The Edge is No Longer Optional
This compressibility unlocks the venue where the real physical economy operates: the Edge.
Consider a modern factory floor. If you want an AI agent to control a robotic arm or monitor a high-speed assembly line, the speed of light becomes a legitimate adversary. You cannot afford the latency of sending video data to the cloud, processing it, and sending a command back.
Furthermore, the data gravity argument is undeniable. Gartner estimates that by 2025, 75% of enterprise data will be created and processed outside the traditional data center or cloud. Yet, we currently spend billions moving this heavy, bandwidth-intensive data to centralized clouds just to process it. This is an artifact of the “old stack.”
The investment thesis here targets the “interconnect layer”—startups building the orchestration software that allows a swarm of heterogeneous devices (gateways, on-prem servers, industrial PCs) to act as a coherent, distributed data center.
The Missing Trust Layer: Confidential Computing
There is, however, a massive catch. When you move high-value AI models from a secure Google fortress to a server closet in a hospital or a gateway in a smart city, you lose physical control. This creates a paralyzing “trust gap.”
Enterprises are rightfully terrified of two things: their proprietary model weights being stolen (IP theft) and their sensitive data being exposed to the host hardware owner (privacy breach). You cannot build a decentralized AI economy on “trust me.”

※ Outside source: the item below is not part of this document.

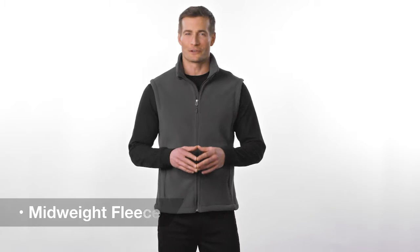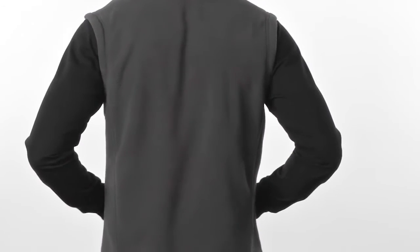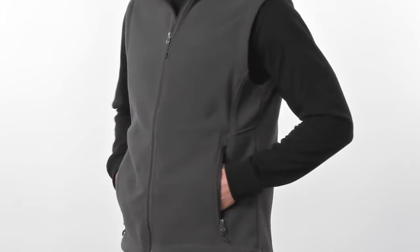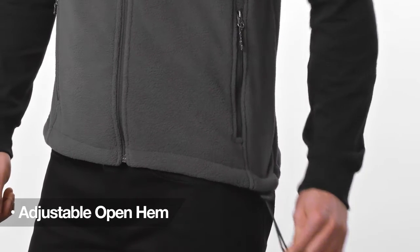A mid-weight fleece that scores points for great value and classic style. This layerable vest is as easy to wear as it is on the wallet. The Trico-lined armholes add a lightweight and smooth finish. The adjustable open hem offers a fit that's loose or snug, depending on your adventure.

This is why Confidential Computing is the most undervalued technology in the deep tech stack today. Confidential Computing allows data to remain encrypted while it is being processed (in use), not just when it is at rest on a hard drive or in transit over a network. It uses hardware-based “enclaves” (like Intel SGX, AMD SEV, or NVIDIA’s confidential computing modes) to creating a mathematically secure cleanroom within an otherwise untrusted machine.
Think of it as the “SSL for the AI era.” Just as e-commerce was impossible before SSL encryption allowed us to send credit card numbers securely over the open web, distributed AI is impossible without Confidential Computing. It is the boring, unsexy plumbing that will enable banks to run fraud detection models on edge nodes and hospitals to process patient data on shared infrastructure without ever exposing the raw information.
The New Infrastructure Stack
The AI trade is rapidly shifting from the “Training Phase” to the “Inference Phase,” and with it, the infrastructure stack is inverting.
The Old Stack was defined by massive centralized compute, reliance on the public grid, general-purpose giant models, and perimeter-based security. It was a philosophy of “bring the data to the compute.”
The New Stack is defined by distributed edge compute, on-prem power efficiency, specialized SLMs, and cryptographic security via Confidential Computing. Its philosophy is “bring the compute to the data.”
Founders and investors need to stop building for the infinite-resource mindset of 2023. The physical reality of 2025 is constrained, efficient, and distributed. The future of AI isn’t growing larger – it’s growing closer.